Can we have a better solution


  • 15
    H

    My solution for this problem is as follows:

    public class Solution {
    public boolean isBalanced(TreeNode root) {
        if (root == null)
            return true;
        if (Math.abs(depth(root.left) - depth(root.right)) >1)
            return false;
        return isBalanced(root.left) && isBalanced(root.right);
    }
    
    private int depth(TreeNode root){
        if (root == null)
            return 0;
        return Math.max(depth(root.left), depth(root.right)) + 1;
    }
    

    }

    But it has two recursions, one for depth() and one for isBalanced(). Will there be a performance issue?


  • 0
    J
    public class Solution {
    
    int height(TreeNode root) {
        if(root==null) return 0;
        int lh=height(root.left);
        int rh=height(root.right);
        return 1+(lh>rh ?lh :rh);
    }
    public boolean isBalanced(TreeNode root) {
        if(root==null) return true;
        int lh=height(root.left);
        int rh=height(root.right);
        
        return (rh>lh ?(1>=(rh-lh)) :(1>=(lh-rh))) && isBalanced(root.left) && isBalanced(root.right);
        
    }}

  • 0
    L

    This is the way to avoid 2 recursive method calls. The idea is exactly same as 2 above.

    public class Solution
    {
    	public boolean isBalanced(TreeNode root)
    	{
    		if (root == null)
    			return true;
    		
    		int[] num = new int[1];
    		num[0] = 0;
    		
    		checkHeight(root, num);
    		
    		return num[0] == 0;
    	}
    	
    	private int checkHeight(TreeNode p, int[] num)
    	{
    		if (num[0] == 1)
    			return 0;
    		
    		if (p.left == null && p.right == null)
    		{
    			return 1;
    		}
    		
    		int leftDepth = 1;
    		if (p.left != null)
    			leftDepth = checkHeight(p.left, num) + 1;
    
    		
    		int rightDepth = 1;
    		if (p.right != null)
    			rightDepth = checkHeight(p.right, num) + 1;
    		
    		
    		if ( Math.abs(rightDepth - leftDepth) > 1)
    		{
    			num[0] = 1;
    		}
    		
    		return Math.max(leftDepth, rightDepth);
    	}
    }

  • 0
    J

    How does this prevent two recursions? To me it seems like your recurse once for height and once for isBalanced on each node?


  • 18
    J

    I use a function that checks for balance while getting height.
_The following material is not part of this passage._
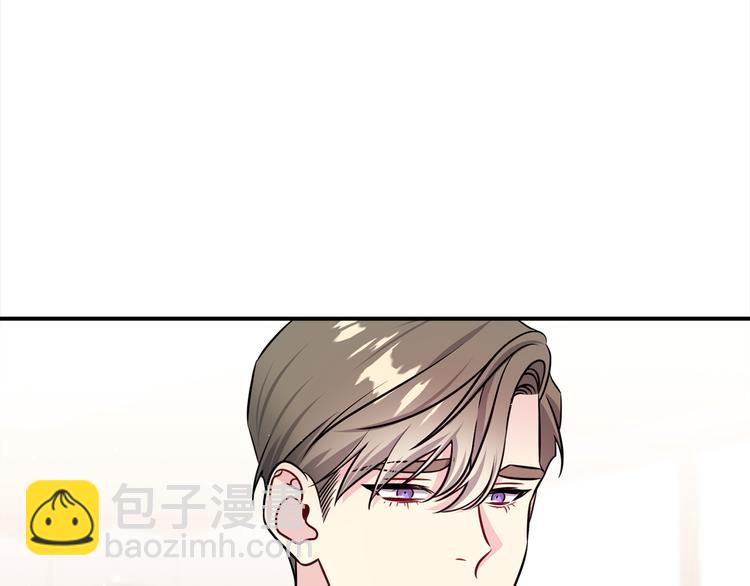 第71话 突然来访97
Also "short-circuit" once an imbalance is found:

    bool isBalanced(TreeNode *root) {
        bool global_is_balanced = true;
        isBalancedAux(root, global_is_balanced);
        return global_is_balanced;
    }
    
    int isBalancedAux(TreeNode *root, bool& is_balanced) {
        if (root == NULL) return 0;
        if (is_balanced == false) return 0;
        
        int lh = isBalancedAux(root->left, is_balanced);
        int rh = isBalancedAux(root->right, is_balanced);
        
        // prevent overwrite of is_balanced
        if (is_balanced == false) return 0;
    
        is_balanced = abs(lh-rh) <= 1;
        return max(lh, rh) + 1;
    }

  • 33
    S

    Hey the flame of heaven,

    I had the same confusion in my sophomore year when I tried to write the balanced checking function. And I figured out after some exercise that:

    "In order to be away from the scenario of recursion in recursion, the only way is to think about adding a variable so that one recursive process can perform two functionalities at the same time."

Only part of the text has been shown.